Installing and Running

NOTE: I developed this on node version 18.14.2 which allowed me to make use of built-in fetch functionality (present since node 17.5) instead of having to install a dependency for making http requests.

After cloning this repo, run npm install to install dependencies. Running npm start calls the main functions for determining quantity of coin to buy, and prints the output to the console. Running npm run test runs the test suite.

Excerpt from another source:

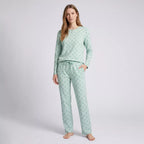 Mintgrön pyjamas dam i 100% bomull från Gaubert med långärmad tröja och matchande hjärtmönstrade långbyxor - modell framifrån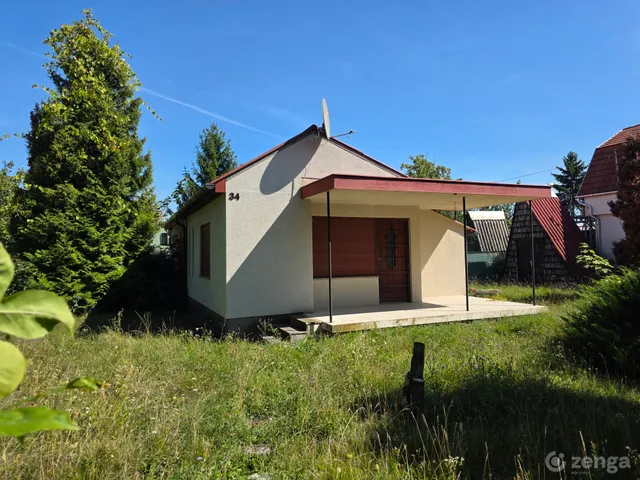 Eladó üdülő és hétvégi ház Mályi, Mályi-tó Üdülőterület 32 nm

There are three implementations of the main function for buying the specified amount of coins. One generic implementation (purchaseCoins) that can be used for more than just the prompted scenario, a more specific main function (purchaseBtcAndEth) which uses the generic function for its implementation, and finally a more naive main function (naiveCoinRates) that sets out to do only what is asked without much consideration for changing requirements.

Considerations

Data Fetching

I opted to write a fetching function for accessing the coinbase endpoint that gets imported and used in the main functions. This was primarily to make testing easier, but also allows me to change the implementation of the fetching function more easily without changing it in multiple places. An alternative option I considered was passing in a fetching client/function as a dependency of the main functions since it also allowed for easier testing and swapping of data fetching functionality, but felt it made for a more cumbersome api for the main functions.

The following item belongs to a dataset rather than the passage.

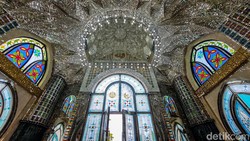 Mewahnya Masjid Kristal Khadija Bergaya Persia di Jogja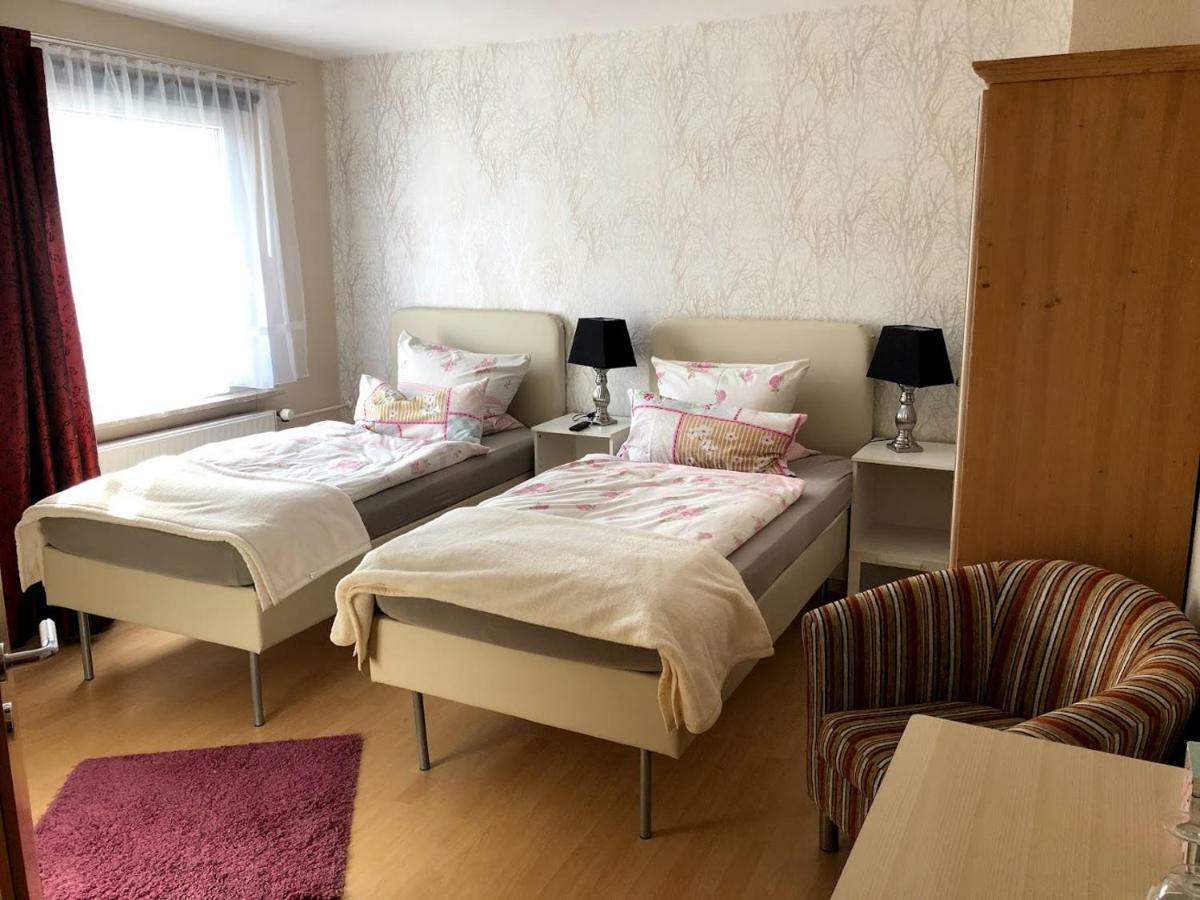 Hotel Garni Zum Adenauer Forst Wimbach Buitenkant foto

In a real scenario, maybe this data fetching dependency could perform some caching or read from a cache in case the main function needs to be called very often.

API

The main generic function takes two arguements: the baseAmount of money to work with (implicitly USD) as a number and a list of objects, coinList. Each element of coinList has a name property to indicate the crypto coin to purchase, and a ratio property to indicate how much of the baseAmount should be used to purchase the coin. The ratio is presented as an integer rather than decimal, and is taken out of 100, e.g. if we wanted to purchase BTC and ETH at a ratio of 70 and 30, respectively, the coinList would look like [{name: "BTC", ratio: 70}, {name: "ETH", ratio: 30}].

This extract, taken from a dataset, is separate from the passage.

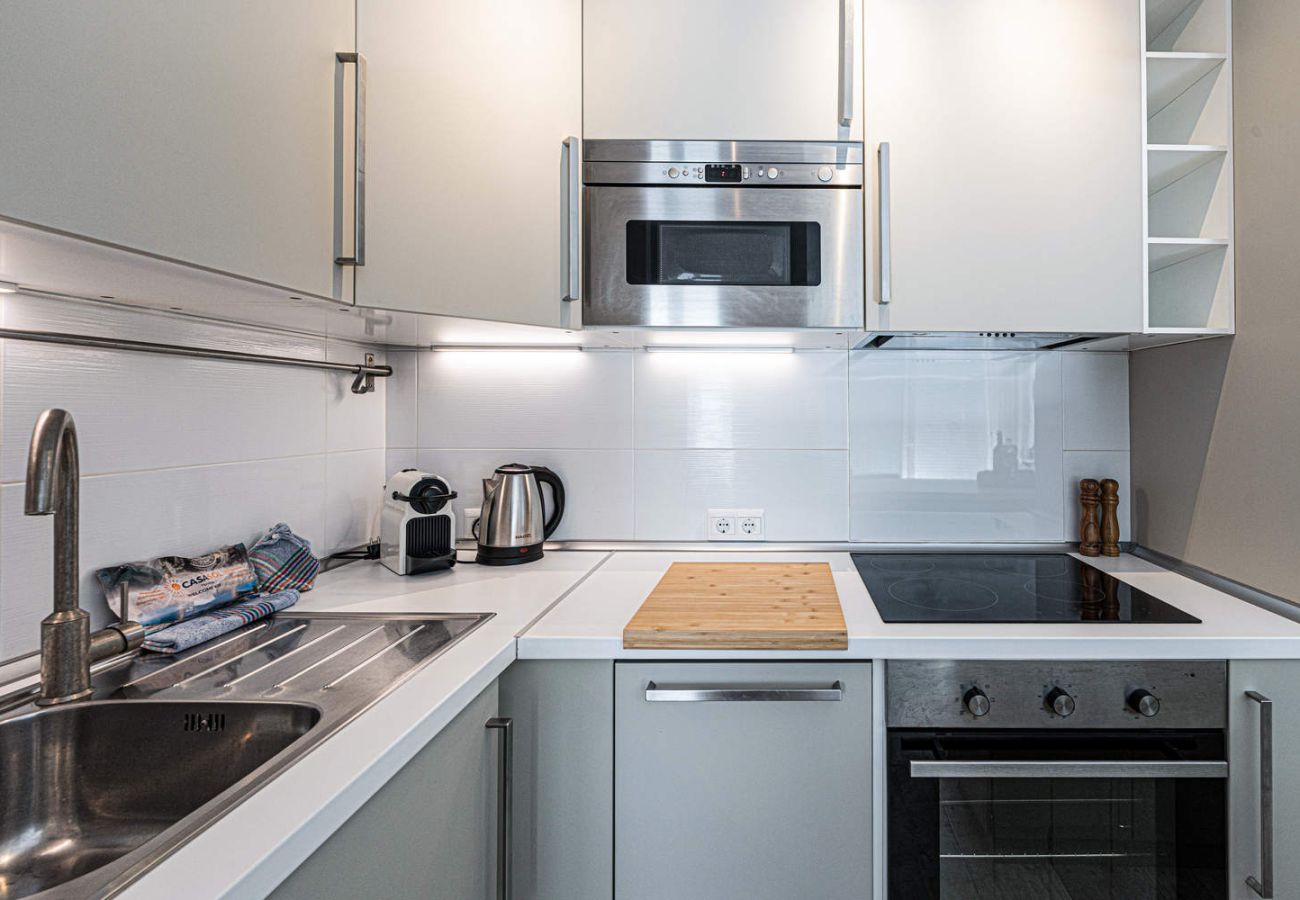 Volledig uitgeruste open keuken in appartement Acapulco Playa 302.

The more specific main function (purchaseBtcAndEth) and naive main function (naiveCoinRates) both only take a baseAmount and have the coin names and ratios built into them.

Validation

In the main functions, there are validations for the inputs that run before trying to do any further work. First, we try to create a unique coinList by discarding any duplicate coin objects based on name that appear after the first occurrence. Then we perform some validations against the baseAmount and unique coinList to make sure we're working with valid inputs.

Other Considerations

Apparently there is a transaction minimum for bitcoin equivalent to 5460 Satoshis (a smaller unit than a single bitcoin) so we could potentially add a check to make sure the amount of money we want to use to buy crypto with meets the minimum values required. Not sure how prevalent this is for other coins, or if that number fluctuates outside of the value of real-world currencies, e.g. 5460 Satoshis could be $10 one day and $20 the next, but does the 5640 number itself ever change?